The concept of comparing income to costs is not new, but this is the first time you have a comprehensive table showing precisely the effective cost of licensing compared to average income. Since this table shows the number of months it would take to earn enough to afford a single copy of the software, and the equivalent US dollar price if someone in the US were to spend as many months’ income, it has a high impact on readers.

Most people—policy makers and business leaders—talk about the importance and benefits of ICT in developing countries. But they tend to implicitly support a policy of providing these benefits only to the wealthiest, who happen to be the top 5 percent or less of the population.

Proprietary software and the high licence costs that come with it can be a basis for ICT-based economic development only for this elite, rich class of society that can afford to invest in it. Since this elitism is rarely explicit, and usually overlaid with a rhetoric that emphasises the widespread access to ICT—using terms like ‘leap-frogging’, ‘bridging the Digital Divide’, etc—the table of costs makes it quite clear that if policy makers want to talk about widespread access, they have to put their money where their collective mouth is. They need to look at solutions that are actually widely affordable. Not those that will benefit only a select few.

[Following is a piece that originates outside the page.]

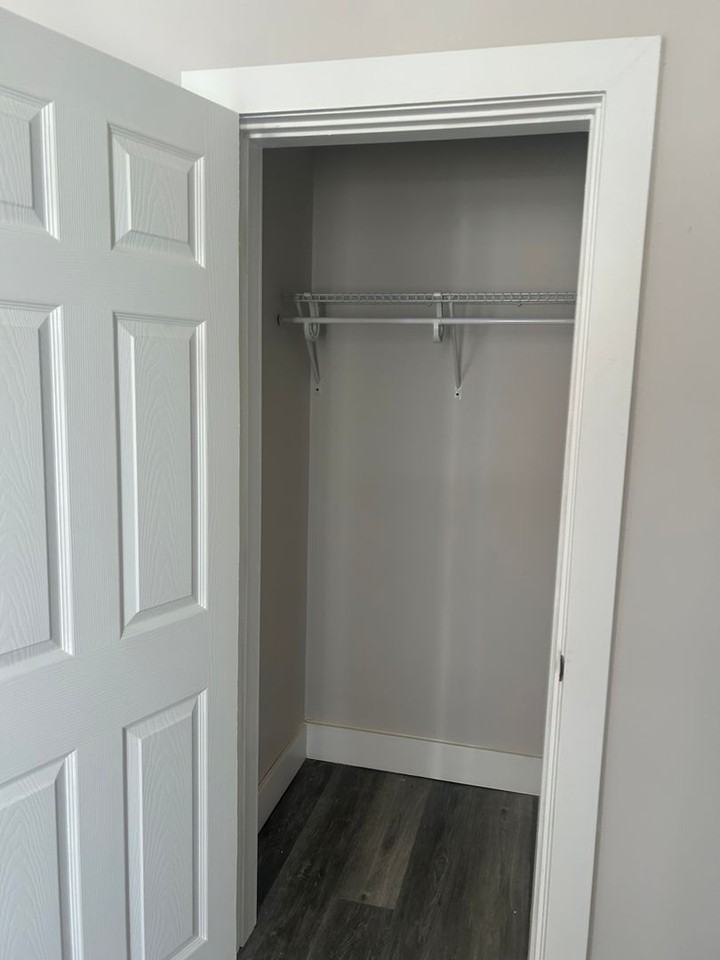 5416 Vine St - Photo 5 of 17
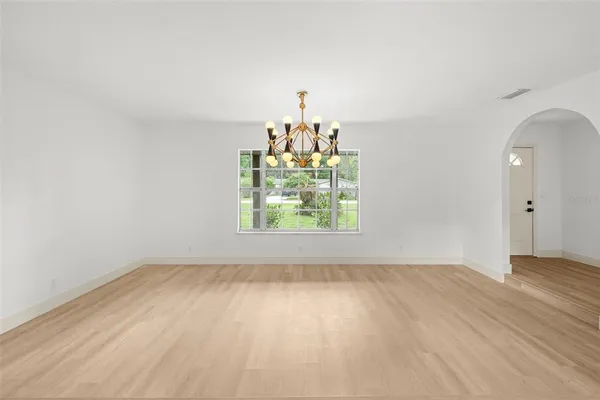 $449,000 | 903 Lanewood Drive, Seffner, FL 33584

What made you work in this direction?

I have been giving a series of talks on ICT and development, and free software in particular. I found the continuous repetition of the TCO argument (look at the total costs, Linux isn’t really free) extremely irritating. More so, since in the context of developing countries this argument is turned on its head. I have made presentations over the past year with cost tables for a handful of countries, so I thought it would be useful to make a comprehensive table for all of them.

How has the study been received?

When I give presentations on this, it tends to have a high impact. People react with a surprised recognition of the facts that they probably already really knew, without realising the significance. The publication of this paper has been covered quite widely in the (European) press.

Your study seems to come in two parts—costs in the Third World, and motives of FLOSS programmers. How do you think these two (seemingly diverse) aspects fit in?

Costs are the big issue, but there has always been a justified reluctance in developing countries to be wary of technology cast-offs from the rich world, portrayed as the poor man’s ‘affordable’ version of the latest technology. So the cost argument on its own, though very striking, is not enough.

It is important to recognise that free software is the latest technology in many sectors, and indeed the reason for its adoption in Europe is rarely primarily the cost, but more often a perception of improved security, better control and customisation possibilities.

For developing countries, these technical quality issues are important, but there is extensive literature related to the use of FLOSS in Europe or the US that applies equally to them. However, the skills development argument is an additional benefit of FLOSS that is particularly important to developing countries, as it is the route through which ICTs can spread wider into society—when that society cannot afford to formally train everyone.